DATASET EXCERPTS
Segment Open

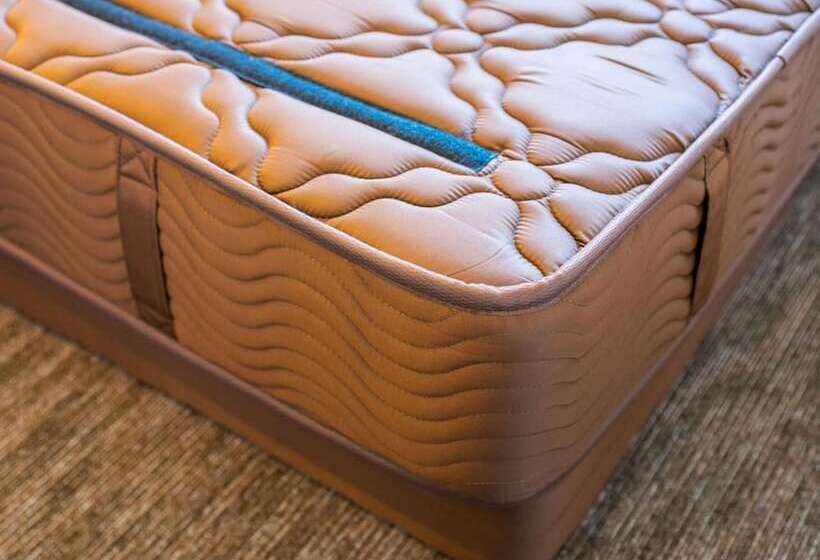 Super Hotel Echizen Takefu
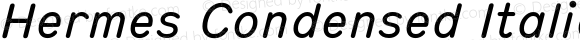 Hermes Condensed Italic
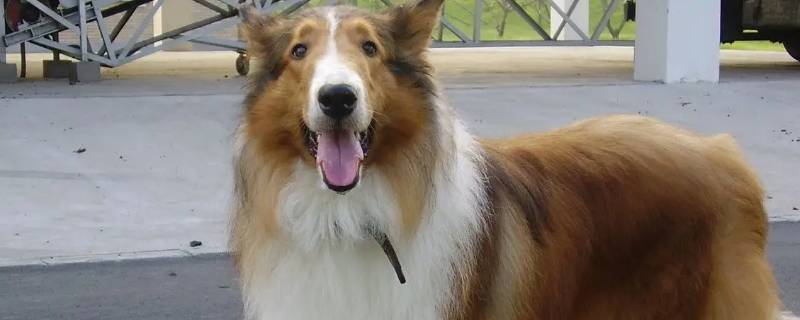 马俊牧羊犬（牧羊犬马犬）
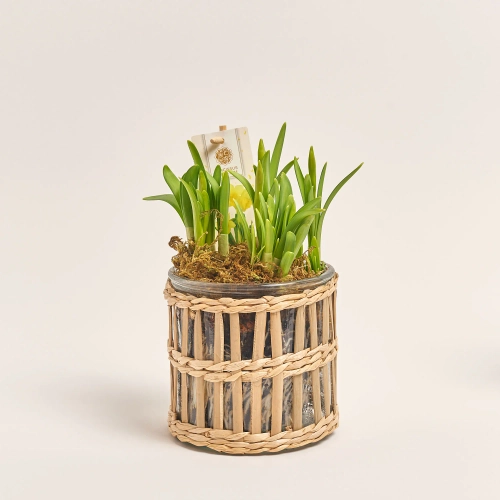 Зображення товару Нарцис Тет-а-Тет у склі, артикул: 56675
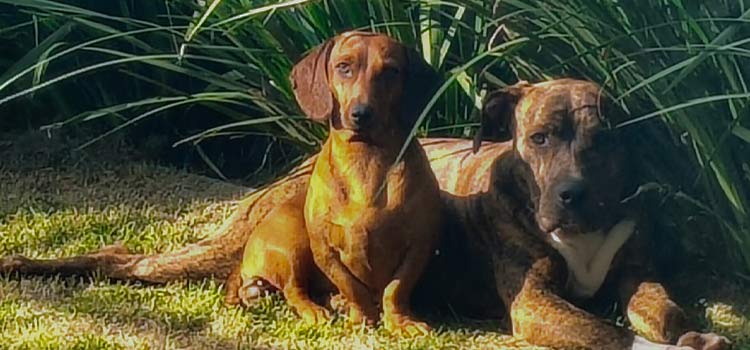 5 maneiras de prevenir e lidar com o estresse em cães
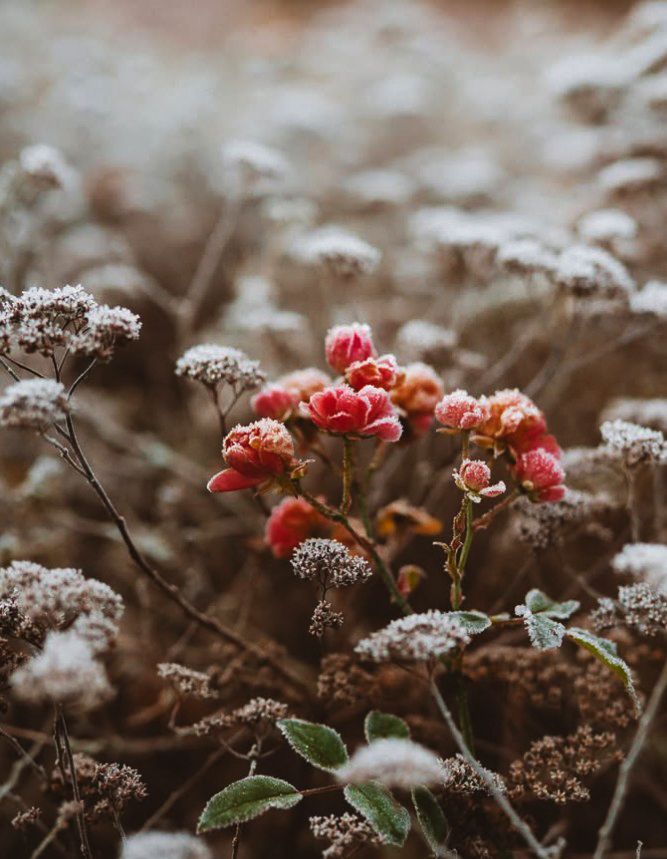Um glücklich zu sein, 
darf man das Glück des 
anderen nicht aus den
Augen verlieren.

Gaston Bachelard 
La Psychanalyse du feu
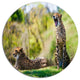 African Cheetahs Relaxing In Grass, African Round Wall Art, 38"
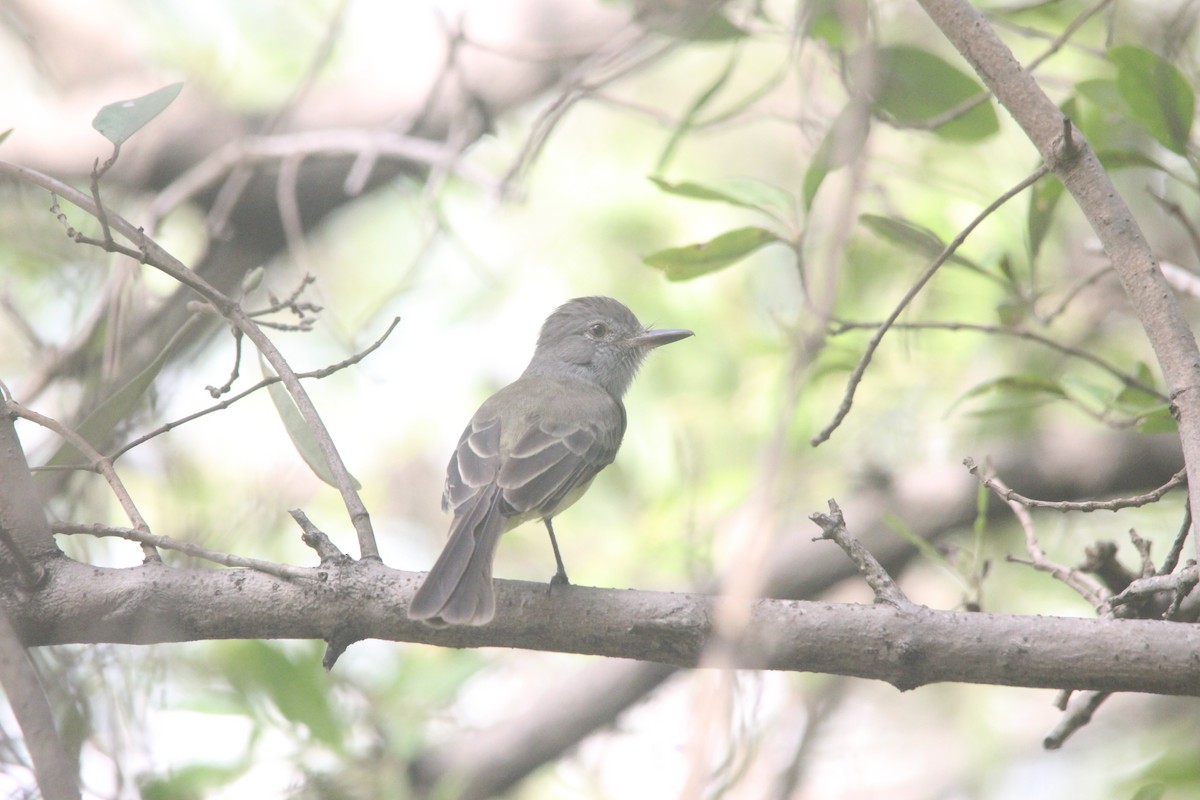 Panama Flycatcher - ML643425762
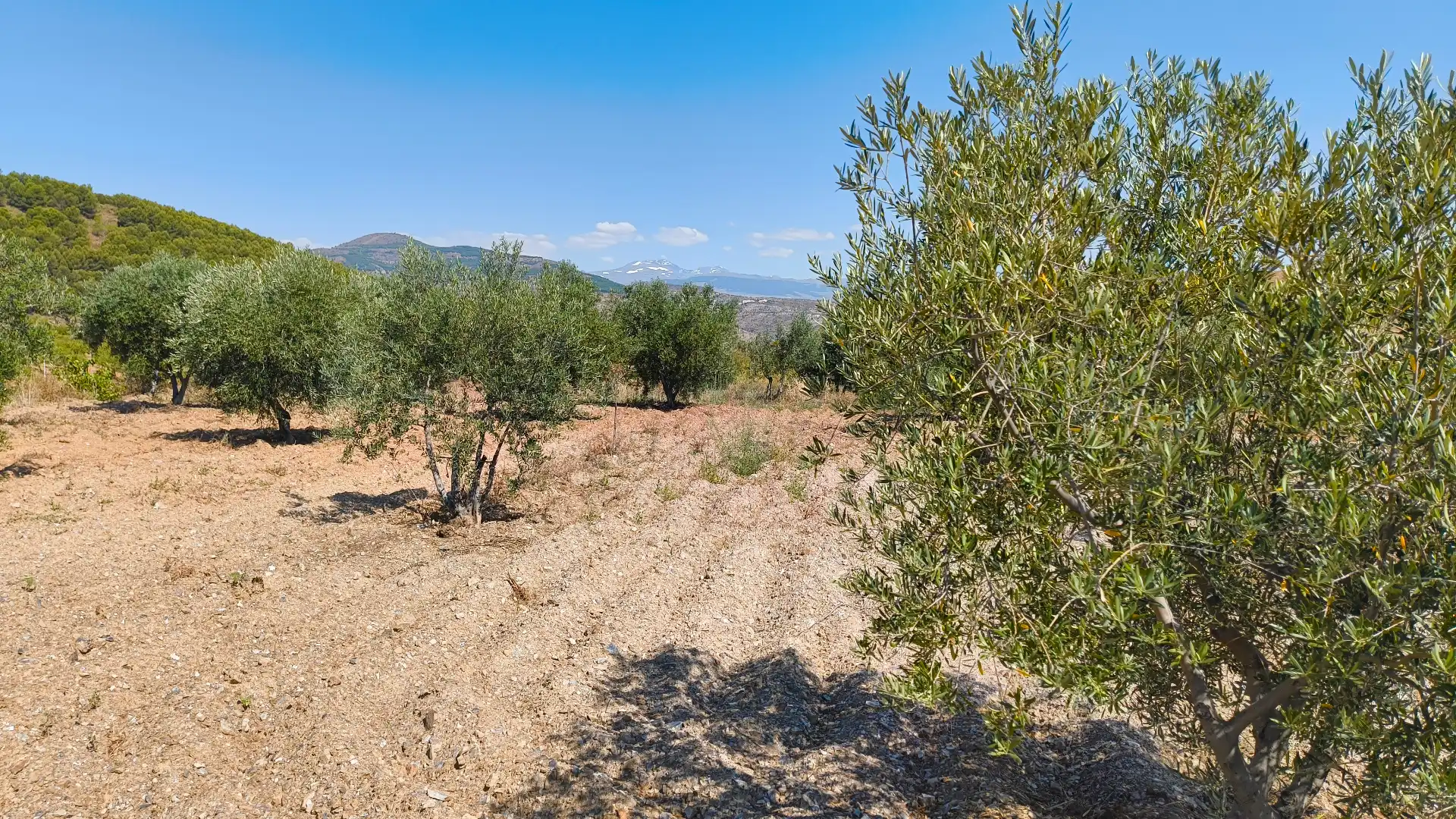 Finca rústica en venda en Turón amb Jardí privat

Segment Closed
Segment Open

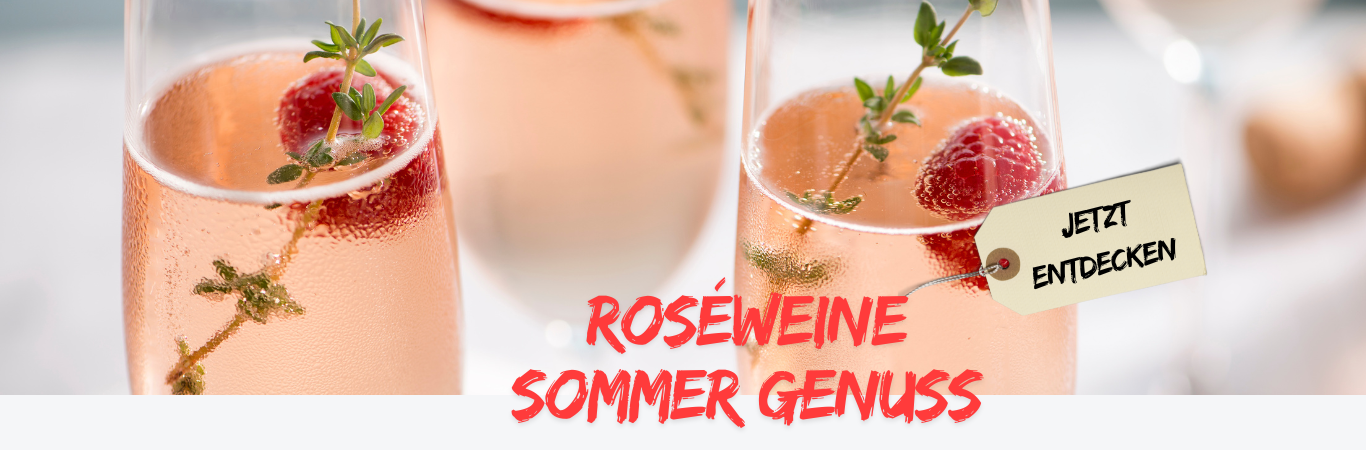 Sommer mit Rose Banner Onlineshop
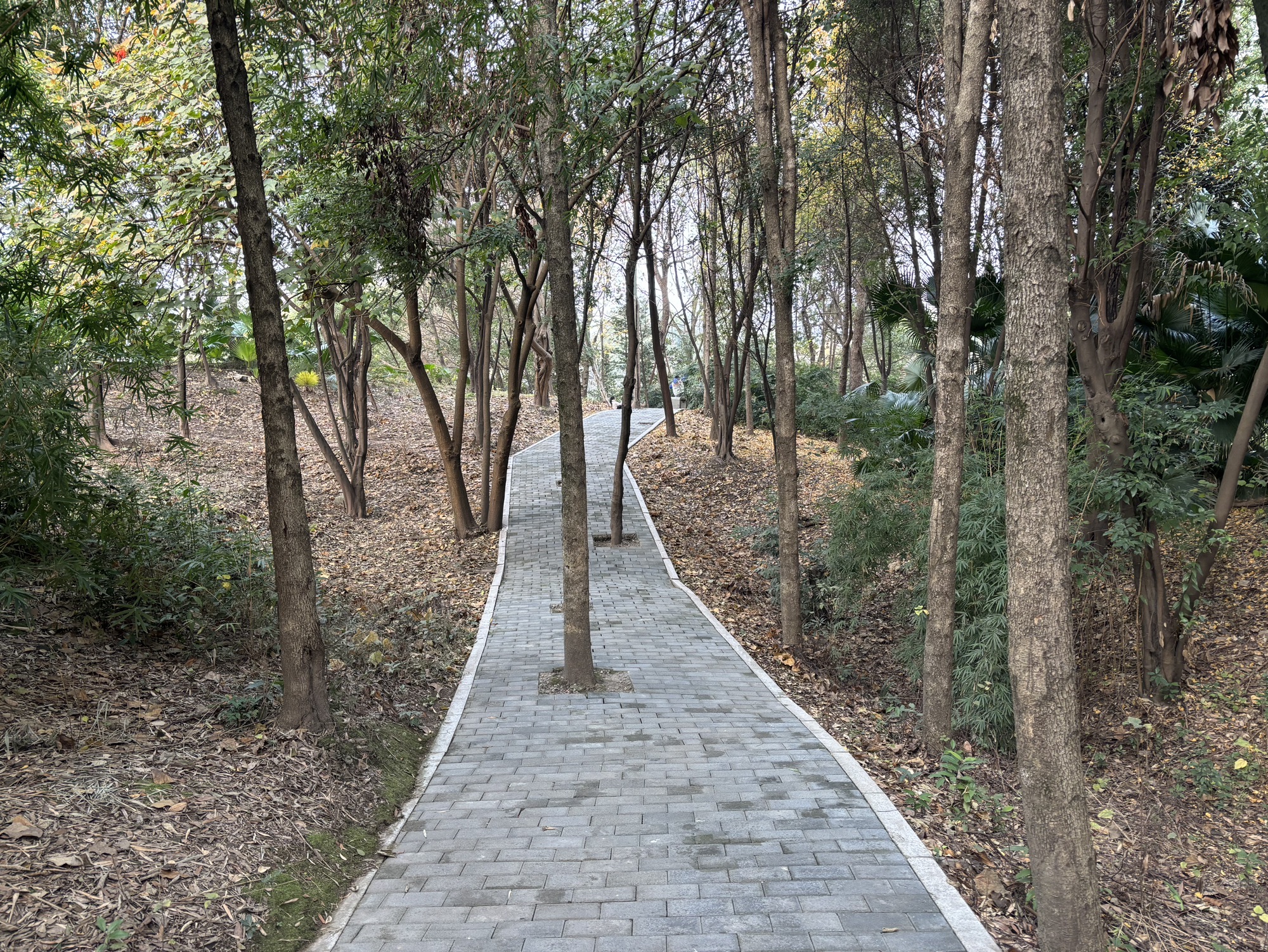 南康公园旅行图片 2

Segment Closed

BRIEF
Leave out the images and write out the lines above exactly, from the one with "African Cheetahs Relaxing" up to and including the one with "Finca rústica en".

SOLUTION FOR THIS TASK
 African Cheetahs Relaxing In Grass, African Round Wall Art, 38"
 Panama Flycatcher - ML643425762
 Finca rústica en venda en Turón amb Jardí privat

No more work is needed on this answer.